Très connoté, notamment à cause du titre Careless Whispers de George Michael qui occupe une place de choix dans l’imaginaire collectif, le saxophone reste à jamais associé à la séduction, à la romance. On peut aussi penser à Kenny G, un musicien dont le look semble tout droit tiré de la page frontispice d’un roman Harlequin. La mise en marché influence forcément l’impression qu’on se fait d’une musique. «C’est basé sur une multitude de facteurs, incluant l’imagerie visuelle», confirme Hubert.
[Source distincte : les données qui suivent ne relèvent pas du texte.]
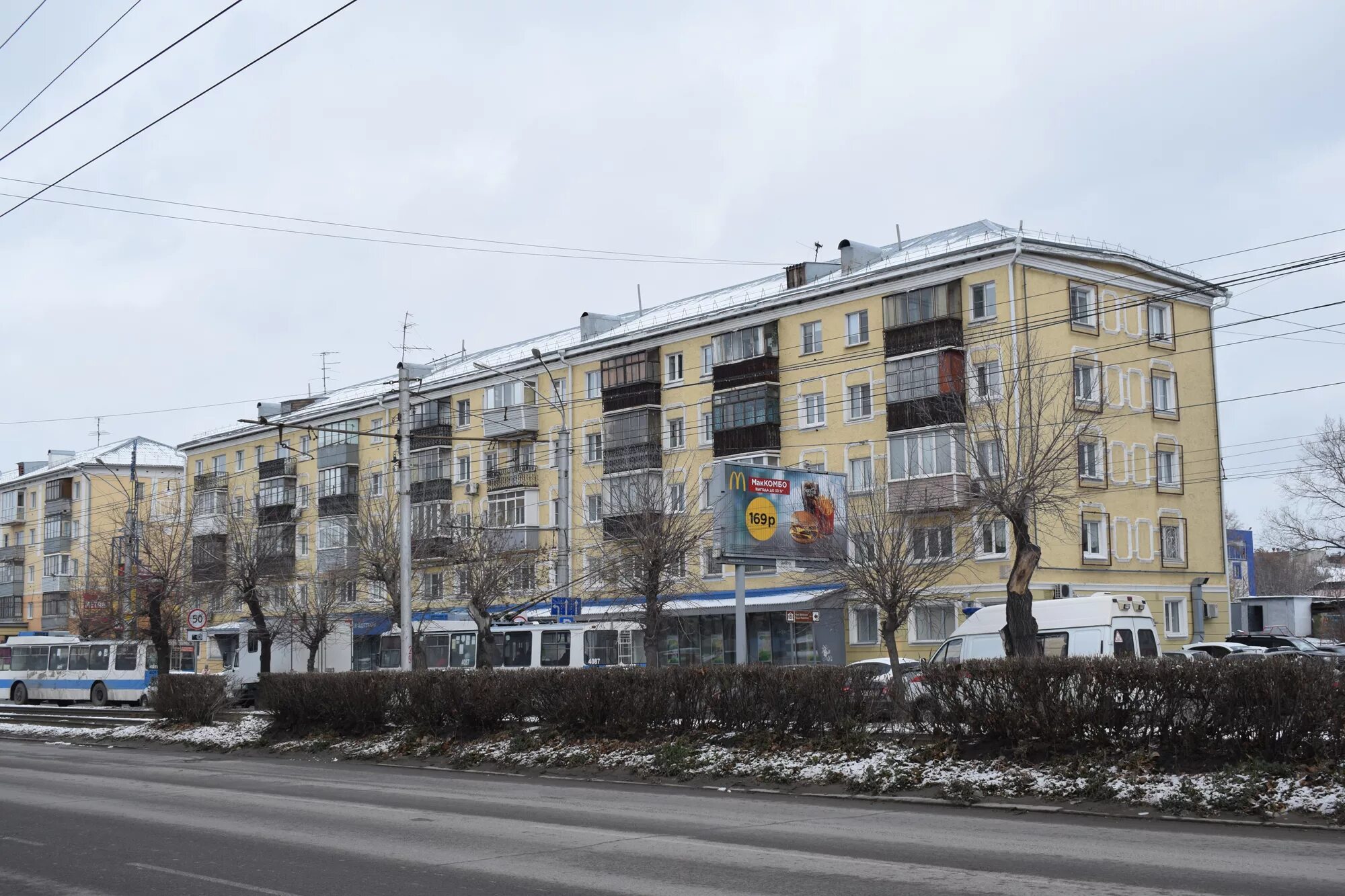 ПриятелЪ, бар, проспект Ленина, 108, Тула - 2ГИС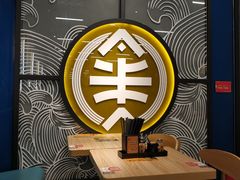 -渔米丰·广府鱼汤米线(光明广场店)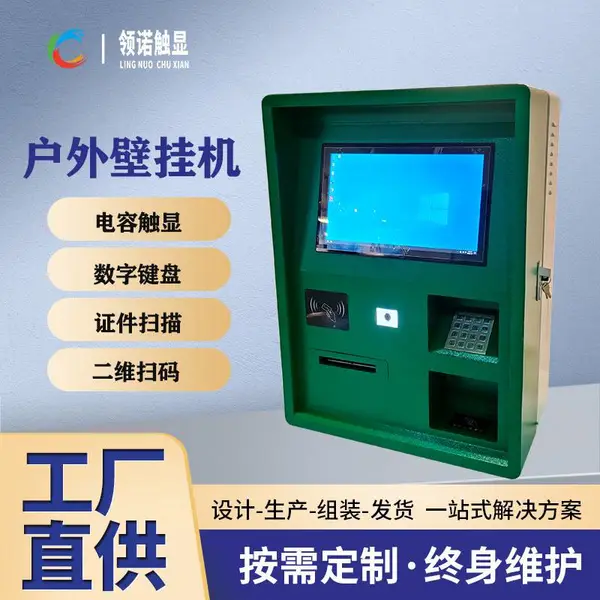LN156地磅称重自助打票机壁挂自助圈存机过磅称重一体机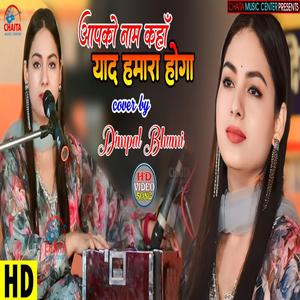 Apko Naam Kaha Yaad Hamara Hoga Dimpal Bhumi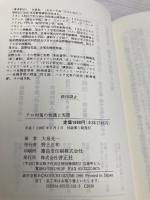 テロ対策の知識と実際 啓正社 大泉 光一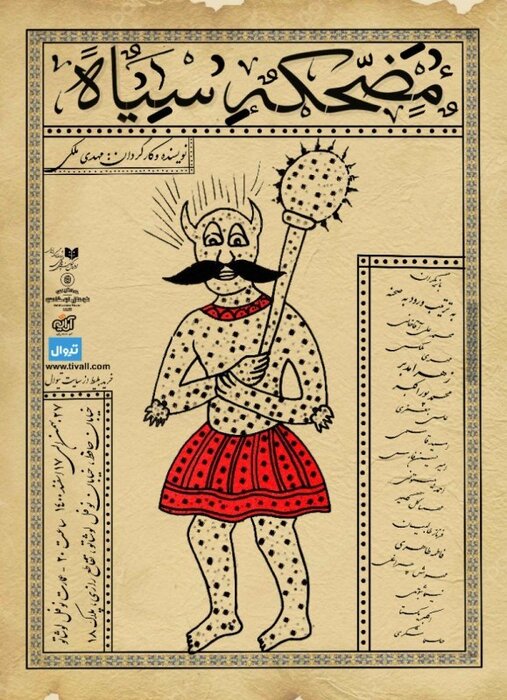 تقابل فریاد ۴۹ نمایشِ تماشاخانهها با غریو آثار تئاتر فجر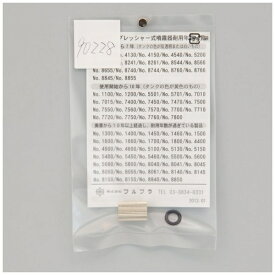 フルプラ｜FURUPLA フルプラ #90228 7010/7015用ノズルセット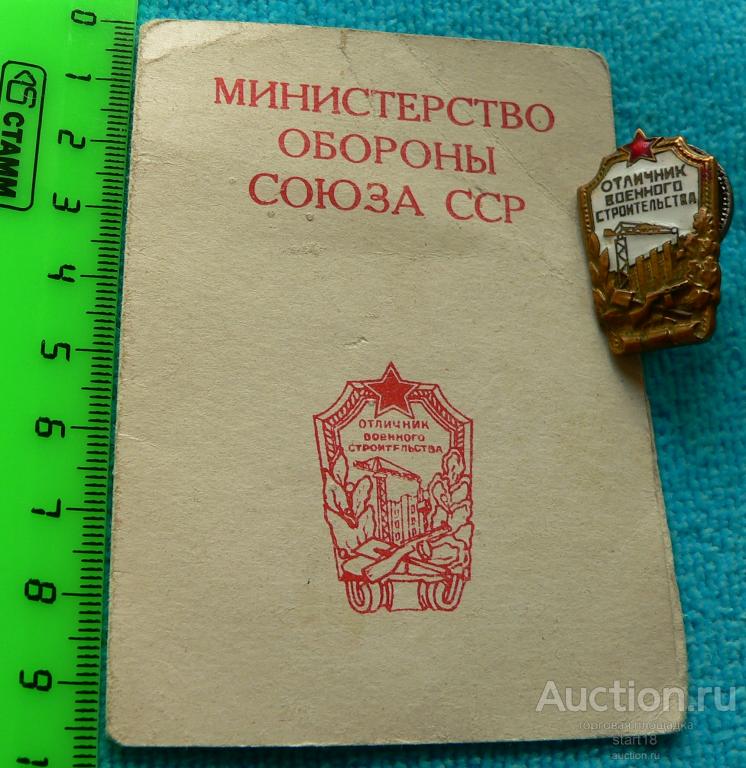 Отличник военного строительства тм винт.+удостоверение к нему #5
D’abord photographe, Vendredi sur Mer mise sur des images évocatrices tout en se tenant loin de l’esthétique des Pussycats Dolls ou de Britney Spears, par exemple. Ses vidéoclips sont ludiques et inclusifs. «Alice Kong a réalisé tous mes clips. Sa marque de fabrique, c’est de représenter des gens qui s’embrassent tout le temps et c’était quelque chose qui me plaisait aussi. J’y suis particulièrement attachée parce que c’est pas quelque chose qu’on voit fréquemment. J’essaie […] de ne pas faire en sorte que les acteurs dans mes clips soient sexualisés pour qu’il y ait du clic. Je ne suis pas du tout dans cette démarche-là.»
Avec son visuel érotique minimaliste, ces corps nus aux formes un peu abstraites, le duo Rhye annonce ses couleurs par l’entremise de leurs pochettes. C’est aussi l’un des groupes préférés de Sara Hini. «C’est vraiment associé à la première personne dont j’ai vraiment été amoureuse et avec qui j’avais réellement une belle connexion. C’est lui qui m’a initiée à leur musique et ça m’a particulièrement frappée. Depuis, je l’utilise dans beaucoup de contextes pour me coller avec quelqu’un.»
Parce qu’au-delà du tempo, des voix, des accords et même des genres, c’est souvent les souvenirs liés à une chanson qui peuvent faire naître le désir. Comme si, finalement, ces morceaux faisaient partie de la trame sonore de nos vies.